Three methods were followed for the assessment of greenness. The first one is the green analytical procedure index (GAPI)³². It deals with the sample from its collection to waste treatment. It consists of 15 items through five pentagrams. Each item was also assessed through three colours: green (higher green), yellow (medium green), and red (lower green under normal circumstances, ACM and Ag NP's must be stored in aluminium foil and a refrigerator, which is why the 4th parameter was yellow-shaded in both ways. The fifth parameter was coloured yellow since both procedures involved sample preparation and filtration. Field No. 15 in all techniques had red colouring because there was no waste treatment, and the amount of waste was between 1 and 10 mL; thus, it was tinted yellow. Another approach is the analytical eco scale, which works by keeping track of the penalties during the entire analytical process and then deducting them from 100³³. In both methods, the scores were 90 and 93 owing to the usage of almost non-hazardous chemicals according to "The Globally Harmonized System of Classification and Labelling of Chemicals" (GHS) and the safety label data sheet for each chemical. The last method is called the green certificate³⁴. It is classified into colours from green colour, lower eco-impact to red one, higher negative eco-impact, and letters from A (the greenest) to G (the least green). Method, I categorized A for reagent consumption and waste generation, while the other process classified B for reagent consumption and A for waste generation. so our methods remain in good line with the environment (Table 7).
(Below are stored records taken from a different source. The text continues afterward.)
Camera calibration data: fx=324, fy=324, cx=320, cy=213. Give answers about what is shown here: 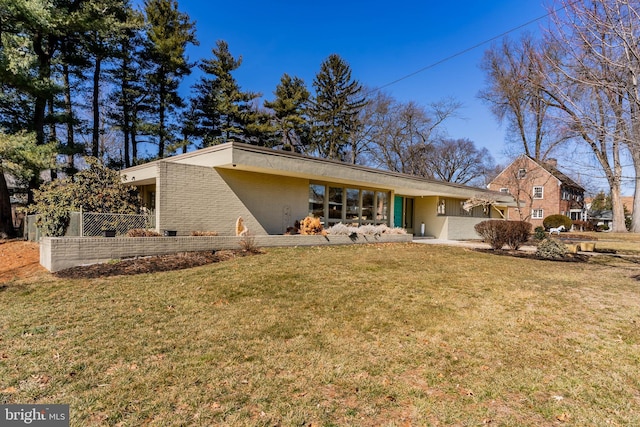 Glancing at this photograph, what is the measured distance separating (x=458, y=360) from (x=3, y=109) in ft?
66.1

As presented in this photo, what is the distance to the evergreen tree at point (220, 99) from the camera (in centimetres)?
2530

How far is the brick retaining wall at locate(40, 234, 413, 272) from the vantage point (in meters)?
7.46

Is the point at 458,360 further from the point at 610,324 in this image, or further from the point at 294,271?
the point at 294,271

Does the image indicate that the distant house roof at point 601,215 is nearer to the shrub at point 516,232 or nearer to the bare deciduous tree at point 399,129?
the bare deciduous tree at point 399,129

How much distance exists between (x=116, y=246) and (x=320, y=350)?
6.93 meters

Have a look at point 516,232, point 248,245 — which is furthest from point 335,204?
point 516,232

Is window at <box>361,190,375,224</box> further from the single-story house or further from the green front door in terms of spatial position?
the green front door

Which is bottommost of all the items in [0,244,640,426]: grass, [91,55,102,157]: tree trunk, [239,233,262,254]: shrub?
[0,244,640,426]: grass

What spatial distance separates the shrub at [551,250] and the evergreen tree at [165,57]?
21716mm

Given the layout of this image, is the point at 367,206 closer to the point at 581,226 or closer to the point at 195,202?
the point at 195,202

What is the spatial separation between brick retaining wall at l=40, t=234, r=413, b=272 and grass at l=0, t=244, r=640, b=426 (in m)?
0.79

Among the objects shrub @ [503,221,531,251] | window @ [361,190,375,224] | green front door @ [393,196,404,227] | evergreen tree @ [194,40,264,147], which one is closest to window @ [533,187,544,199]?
green front door @ [393,196,404,227]

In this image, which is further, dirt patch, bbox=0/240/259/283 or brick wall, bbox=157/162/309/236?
brick wall, bbox=157/162/309/236

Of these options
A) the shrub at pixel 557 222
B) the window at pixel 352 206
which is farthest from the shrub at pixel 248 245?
the shrub at pixel 557 222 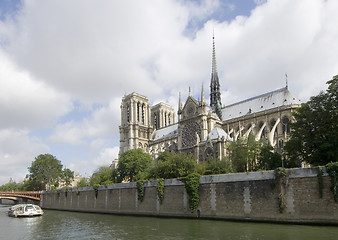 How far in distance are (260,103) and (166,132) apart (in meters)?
26.2

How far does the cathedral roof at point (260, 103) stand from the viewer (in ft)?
183

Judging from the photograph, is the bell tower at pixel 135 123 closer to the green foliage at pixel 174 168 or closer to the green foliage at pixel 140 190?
the green foliage at pixel 174 168

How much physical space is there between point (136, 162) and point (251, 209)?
986 inches

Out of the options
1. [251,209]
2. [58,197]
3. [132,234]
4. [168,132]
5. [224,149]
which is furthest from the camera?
[168,132]

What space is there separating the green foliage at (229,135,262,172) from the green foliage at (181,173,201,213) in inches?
405

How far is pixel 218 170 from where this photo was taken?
34156mm

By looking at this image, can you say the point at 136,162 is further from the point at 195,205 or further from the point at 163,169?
the point at 195,205

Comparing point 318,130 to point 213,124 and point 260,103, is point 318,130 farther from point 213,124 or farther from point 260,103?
point 260,103

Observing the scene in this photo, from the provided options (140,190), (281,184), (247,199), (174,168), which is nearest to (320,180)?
(281,184)

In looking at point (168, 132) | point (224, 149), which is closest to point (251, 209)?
point (224, 149)

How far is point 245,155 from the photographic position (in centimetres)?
3722

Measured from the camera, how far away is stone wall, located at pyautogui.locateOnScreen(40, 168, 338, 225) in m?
20.8

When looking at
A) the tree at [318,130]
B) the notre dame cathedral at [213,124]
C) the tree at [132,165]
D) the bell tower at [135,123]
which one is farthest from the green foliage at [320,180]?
the bell tower at [135,123]

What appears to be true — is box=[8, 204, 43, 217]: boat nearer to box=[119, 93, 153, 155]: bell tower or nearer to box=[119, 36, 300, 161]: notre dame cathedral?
box=[119, 36, 300, 161]: notre dame cathedral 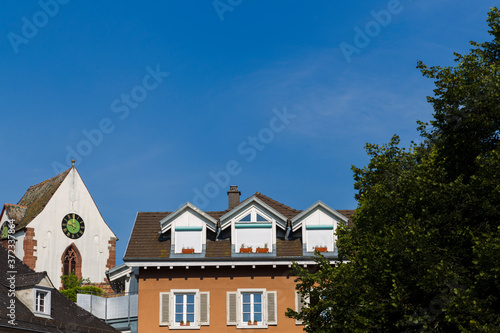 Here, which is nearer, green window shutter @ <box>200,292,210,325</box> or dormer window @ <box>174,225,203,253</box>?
green window shutter @ <box>200,292,210,325</box>

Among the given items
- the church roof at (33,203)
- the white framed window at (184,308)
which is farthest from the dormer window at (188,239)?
the church roof at (33,203)

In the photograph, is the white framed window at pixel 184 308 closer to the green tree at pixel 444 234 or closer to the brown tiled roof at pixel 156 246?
the brown tiled roof at pixel 156 246

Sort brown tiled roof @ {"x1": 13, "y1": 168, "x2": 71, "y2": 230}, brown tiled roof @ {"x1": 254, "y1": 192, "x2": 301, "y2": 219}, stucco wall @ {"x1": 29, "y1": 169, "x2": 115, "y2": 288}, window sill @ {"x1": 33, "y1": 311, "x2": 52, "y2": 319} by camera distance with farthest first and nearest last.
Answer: brown tiled roof @ {"x1": 13, "y1": 168, "x2": 71, "y2": 230}, stucco wall @ {"x1": 29, "y1": 169, "x2": 115, "y2": 288}, brown tiled roof @ {"x1": 254, "y1": 192, "x2": 301, "y2": 219}, window sill @ {"x1": 33, "y1": 311, "x2": 52, "y2": 319}

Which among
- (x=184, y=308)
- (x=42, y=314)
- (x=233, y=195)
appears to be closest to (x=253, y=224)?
(x=184, y=308)

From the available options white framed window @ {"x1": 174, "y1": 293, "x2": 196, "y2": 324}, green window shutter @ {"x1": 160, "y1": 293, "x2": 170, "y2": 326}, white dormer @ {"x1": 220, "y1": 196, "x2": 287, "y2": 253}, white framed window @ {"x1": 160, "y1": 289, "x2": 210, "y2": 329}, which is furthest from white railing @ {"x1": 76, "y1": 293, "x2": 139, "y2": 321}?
white dormer @ {"x1": 220, "y1": 196, "x2": 287, "y2": 253}

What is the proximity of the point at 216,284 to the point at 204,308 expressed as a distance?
1.20m

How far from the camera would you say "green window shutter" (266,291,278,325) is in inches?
1390

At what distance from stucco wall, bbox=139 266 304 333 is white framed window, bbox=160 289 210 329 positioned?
228 millimetres

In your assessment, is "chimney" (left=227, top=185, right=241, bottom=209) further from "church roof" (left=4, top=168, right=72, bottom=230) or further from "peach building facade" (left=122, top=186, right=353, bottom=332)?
"church roof" (left=4, top=168, right=72, bottom=230)

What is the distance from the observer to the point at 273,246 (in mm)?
36156

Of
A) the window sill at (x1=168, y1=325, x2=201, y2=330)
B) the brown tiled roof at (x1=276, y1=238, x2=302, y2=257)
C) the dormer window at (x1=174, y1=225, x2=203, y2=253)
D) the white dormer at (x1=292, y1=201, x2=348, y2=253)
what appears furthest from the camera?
the white dormer at (x1=292, y1=201, x2=348, y2=253)

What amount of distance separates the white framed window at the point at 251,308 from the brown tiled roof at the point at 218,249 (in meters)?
1.75

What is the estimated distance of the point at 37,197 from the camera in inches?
3738

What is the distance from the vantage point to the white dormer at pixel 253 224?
36.2 m
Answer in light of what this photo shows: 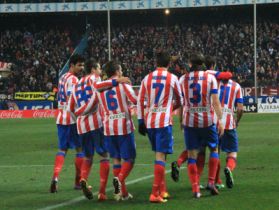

Table 7 Results for the evaluation of the developed methods by the three green chemistry tools (Method I &II).

Conclusion

Novel spectrofluorometric methods depending on acriflavine or Ag NP's fluorescence quenching mechanisms were applied to determine ACM with the merits of effectiveness, simplicity, and selectivity. Both methods could be used for bulk powder and pharmaceutical preparations with good accuracy and precision. According to the international conference for harmonization (ICH) guidelines, the methods proved valid. Different green assessment tools checked the greenness of the two methods. Both methods could be used as an alternative, sophisticated methods in quality control units or for medical purposes.